Analysts are full of praise for Xiaomi Corp., whose stock is drawing a flurry of bullish ratings after a muted debut in Hong Kong. Following a mandatory quiet period after its initial public offering last month, joint sponsors Goldman Sachs Group Inc. and Morgan Stanley both recommend buying the shares. Analysts at JPMorgan Chase and Co. and China International Capital Corp., who worked on the deal, also initiated their coverage with a bullish rating. While Credit Suisse Group AG’s neutral recommendation bucks the trend, the brokerage still predicts the shares will rise to HK$18.60, or 9.4 percent higher than the offer price.
The Chinese smartphone maker rose as much as 2.5 percent in early trading Thursday. The stock has struggled to grind higher in its first month on the Hong Kong stock exchange after a disappointing coming-out party, even after the company’s valuation was cut by almost half. Analysts now predict Xiaomi will rise 22 percent from Wednesday’s close, according to the average 12-month target price compiled by Bloomberg.

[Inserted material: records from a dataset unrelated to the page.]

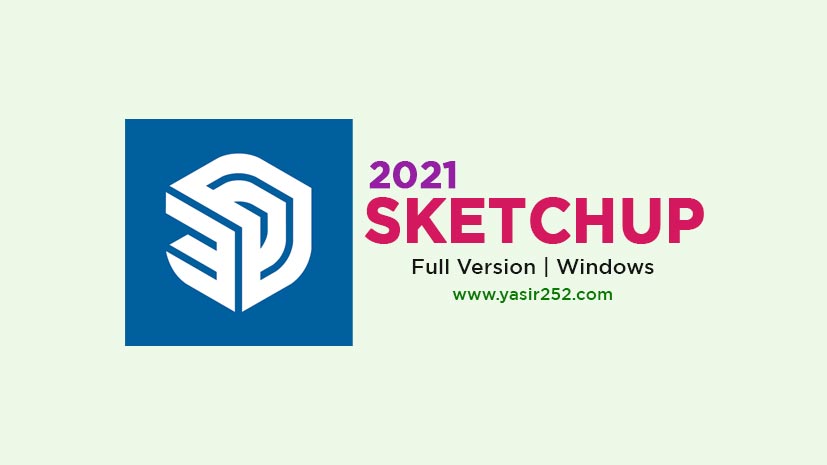 SketchUp Pro 2021 v21.1 Finali (Win/Mac)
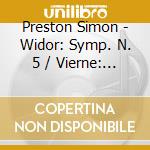Preston Simon - Widor: Symp. N. 5 / Vierne: Ca cd musicale di PRESTON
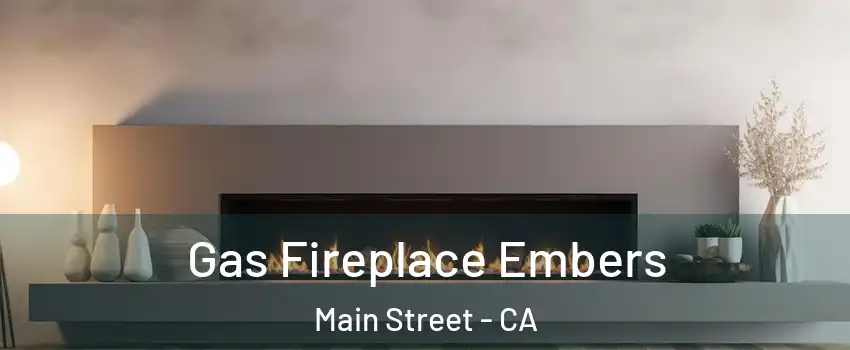 Gas Fireplace Embers Main Street - CA
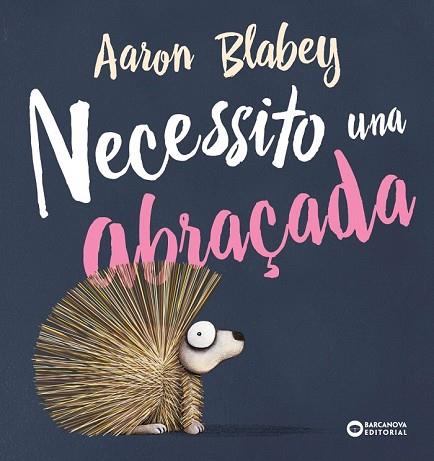 NECESSITO UNA ABRAÇADA | 9788448946692 | BLABEY, AARON | Llibreria Drac - Llibreria d'Olot | Comprar llibres en català i castellà online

Reasons to be bullish include an expected surge in revenue and earnings, driven by Xiaomi’s focus on Internet services and its increasing share of the hardware market in China, according to notes seen by Bloomberg. In a 63-page note to clients titled “Building a mountain one grain at a time,” Goldman Sachs analysts including Piyush Mubayi estimate Xiaomi has as many as 190 million users worldwide. CICC predicts Xiaomi will grow revenue by 45 percent and earnings by 60 percent at a compound annual growth rate in 2018-2020. Morgan Stanley predicts a 61 percent growth rate for net profit in that period. Xiaomi is expected to release earnings on Aug. 22.